In the nation’s capital, parents have been sending a clear message to school officials: Reform and improve student achievement or else. An estimated 27,000 students have left D.C. Public Schools in the past decade, and the overwhelming majority enrolled in charter schools. A few thousand students use vouchers to attend a school of their parents’ choosing. Meanwhile, school-choice opponents try to blame the problem on low per-pupil funding rates and high pupil-teacher ratios. But their claims hold no more water than Sen. Ted Kennedy’s silver spoon. Last year, it was reported that per-pupil spending was $10,500 (second highest in the country) and the student-teacher ratio was 16-1.

One of the problems — as a parade of superintendents tries to lift up students — is that school officials are tethered to union and personnel rules that are tied to collective bargaining agreements. The new NCLB initiatives outlined this week by Mr. Bush and Education Secretary Margaret Spellings could cut schools lose.

Critics complain that removing such limitations would mean more federal intervention. On the contrary, it spells relief for school restructuring. Again, I’ll use D.C. as an example. More than two-thirds of the city’s 146 schools failed to meet annual academic progress as set out in NCLB. The superintendent has said he wants to reconstitute some schools, and the right mix of staff is a key component to such a move. Yet transferring quality principals and teachers from successful schools to the most troubled schools invariably runs against a collective bargaining mainstay: bumping rights. This gives any schools chief two options: Transfer both wanted and unwanted staff to the troubled school; or take the lowest road and transfer only the staff with seniority.

This shell game has been played long enough. While teachers and principals bumped each other into higher and higher pay scales, America’s children are being bumped right out of the job market. They might — they might — graduate from high school knowing the difference between the Mideast and the Midwest, and there certainly are no guarantees that they will, but they won’t know the difference between a janitor and a custodian.

Mrs. Spellings, who met Wednesday afternoon with editors and reporters at The Washington Times, said the school-choice provisions in NCLB are nonnegotiable. “We’ve given them a chance, we’ve given them resources… other options have to be brought to bear… I am going to fight for these policies.”

If this is a day of reckoning for chronically failing schools, then the hallelujah chorus should begin scheduling performances in Washington. The debate over reauthorizing NCLB is either going to be a bumpy ride or a slow boat to the 2008 presidential race.

While such organizations as the Business Roundtable, IBM, Microsoft and State Farm view NCLB as a “critical” education-reform tool, critics are picking it apart wholesale, calling it fundamentally flawed.
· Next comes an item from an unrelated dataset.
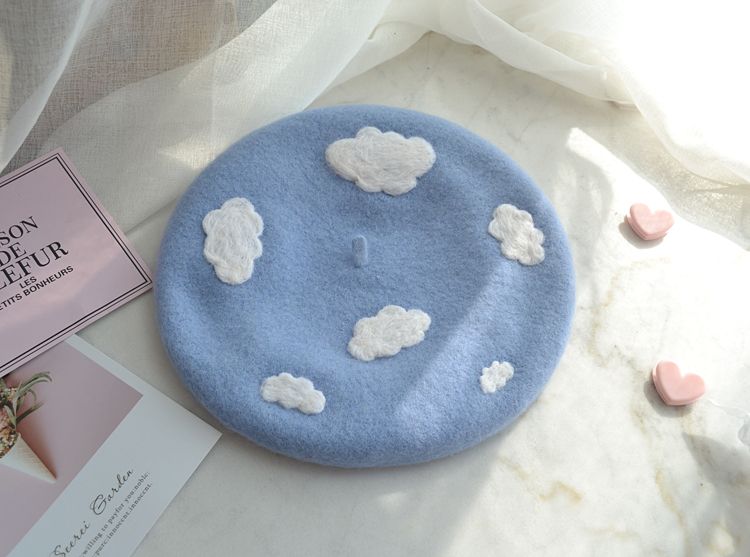 Title 4, Handmade wool felt cloud beret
Unions, as you might suspect, are uncomfortable with any proposal that falls under the school-choice umbrella — magnet and charter schools, vouchers, etc. The Big Fella from Massachusetts, Mr. Kennedy, who held sway over the original NCLB and now is chairman of the education panel, said the school-choice provision would circumvent state law. That’s an interesting position for the senator to take. Have you ever heard Mr. Kennedy stand up for states’ rights?

According to Mrs. Spellings, 1,800 of America’s public schools are in trouble, failing to help our children reach even the basic, on-grade levels of math and reading so that they can become productive citizens who take care of their own families. Shame on us if we don’t get it right this time around.

It’s easy to picture what our jails and prisons would look like a decade from now if we fail. I don’t even want to think about what America’s economy and workforce would look like, though. And if you think I’m a scaremonger, read Robert Lighthizer’s op-ed column today on manufacturing jobs. Are we on the same page?